Home Improvements Mini Rants

I have three (3) hacksaws. I was sure I had a hacksaw, but I got home and couldn’t find one so I figured, hey, maybe I lent it out? Gave it away? Dropped it into an interdimensional hole? So I go to the store, buy another hacksaw, get home… yeah.

I changed the elements in my water heater this weekend. It’s been tripping its reset every two days or so, and I’d already drained the sediment out of it, but it kept tripping, which to me says the elements are either 1) corroded, or 2) so covered with calcification that they’re overheating. My dad said I’d need to replace the whole unit, but I said, “how about I try the $40 fix, before I go to the $300 fix?”

The job was actually really easy; on a 1 to 10 difficulty scale, it’s a 2 or 3 at best. It’s just time consuming, what with switching it off, waiting for it to cool some, draining the tank with the incoming supply off (which takes an hour to an hour and a half), then finally replacing the elements.

So far, it’s working like a champ. Man, those old elements was nasty.

So you drain the tank first? (Don’t ask. We all make mistakes. I was able to mop everything up.):smack:

As to a caulking gun not qualifying as a tool–you’re just not doing the right shopping. My caulking gun has a built-in tip cutter, a built-in hole-puncher-for-the-tube thingee, a smooth shaft (no little ratchets) and the whole body rotates so that I can align the angle of the tube cut anyway I want.

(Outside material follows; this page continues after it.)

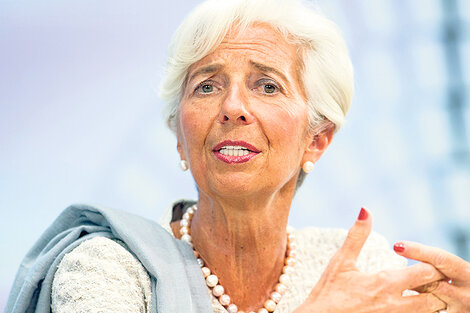 Chistine Lagarde, desde el FMI, brazo ejecutor de las políticas que tensionan los límites de la democracia.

Yessiree.

But, there’s an electric caulking gun made by Ryobi that uses their 18 V battery pack… Which opens the door for the rest of the tools that use the same battery pack…

#Interrogative Tim Allen Grunt

Uggh. Frakin wallpaper.

Wallpaper CAN be fairly easy to remove. IF the wall was prepped properly first before they put up the paper. I’ve had to do a couple of bathrooms and a large bedroom where they just slapped that crap up on the bare dryboard. Honestly, I think it might be faster and easier to just put up new dryboard rather than get wallpaper off of it and fixing all the damage to the old dryboard.

This doesn’t fill me with glee. After putting it off for the past five years I really HAVE to replace our 1960s-era kitchen this summer. Which means ripping out the old one totally, and moving the plumbing. Which means redoing the floor. And as we’re doing that, why not tile right out into the hallway? In which case it makes sense to remove the doorway altogether, in which case…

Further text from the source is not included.